Hannah sits at the table at Arca Labs and thinks. “I remember almost making it.
So close.
I had gone to the beach and made the jump. My ankle was twisted, sprained, though I worried it was broken, and I
almost
made it.”

“Then they were on you. The ants.”

“Yes. And I thought I was dead.” She has to take herself through it one step at a time because it's all muddy, confusing. Even existing here and now in the present is hard.
Establish a beachhead,
she thinks. “Establish a beachhead,” her father would say when teaching her to play checkers and, later, chess. “Like in the war. Just get your soldiers out there in position before they die.” He was never in a war, but his own father was. Her grandfather, a man who died before she was born. She has to blink hard to push those memories back. “Then you came along. You stuck me in the leg—”

“An EpiPen.”

“Right. And then—”

“A cloth over your mouth.”

Establish a beachhead.
But what's her move, here? Tell him she doesn't trust him? That she knows he's a killer? Or keep it secret? All she says instead is:

“Why?”

“I needed you.”

“Why?”

“Do you think I did this? That I'm a killer?” he asks.
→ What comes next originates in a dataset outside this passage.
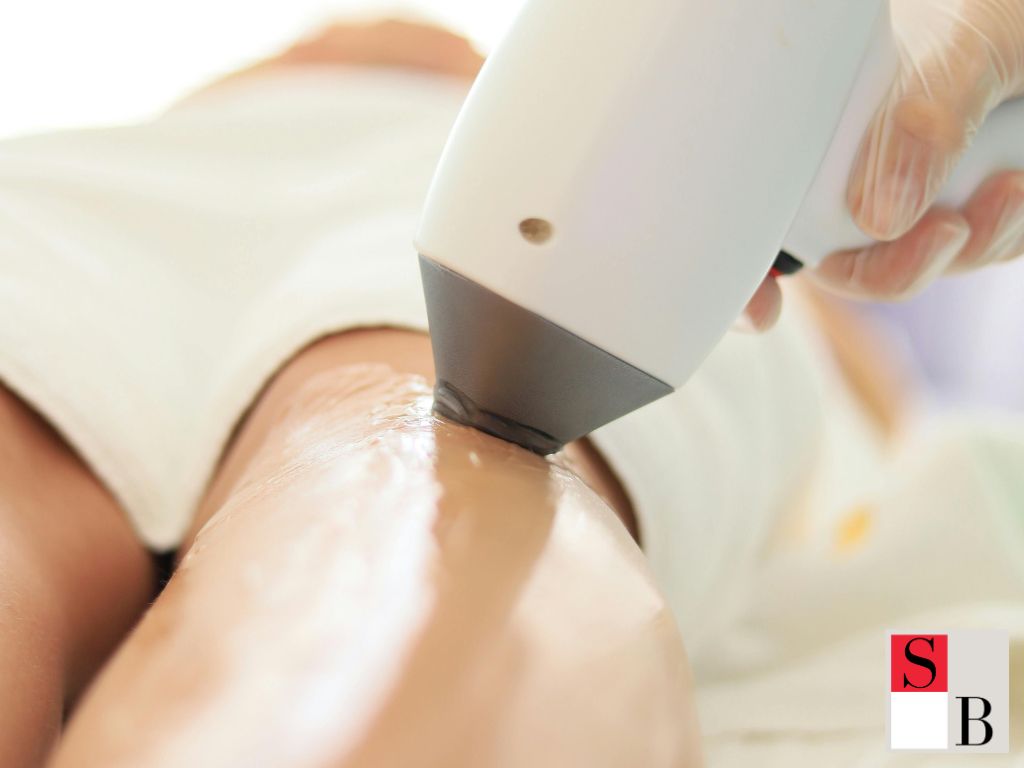 When Should Singapore Athletes Start Hair Removal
Yes. I do. I don't trust you.
“You're an artist,” she says.

He laughs.

“You do think I did this.”

He reaches for her throat. She pulls away, but he has her.

“I still do,” she chokes past his crushing hand.

“Even though I saved you?”

Even though,
she thinks, but her words won't come.

“The ants are everywhere now.” He stands up suddenly, the chair legs barking against the floor. “It's going to be a global catastrophe. An ecological nightmare. Once they get entrenched . . .”

He pulls her closer. Her throat burns. She tries to pull away, but can't.
He has me drugged. My limbs won't work. What did he do to me?

He keeps on talking. “Someone sent the colonies all around the world. Every continent. Countless countries. It's a kind of genetically modified terrorist attack. We still have time—not much, but enough—to undo what's done before they get established.” He's pulling her around the table now, closer, closer, even as she gags. “But all you want to do is talk about whether or not I'm guilty of the act of creation. We're all guilty of that. Creation and destruction are our human instincts, Hannah. You know that. It is who we are. You think we'll pick a side, like we'll figure out if we're good or evil, but it's really that we're both.”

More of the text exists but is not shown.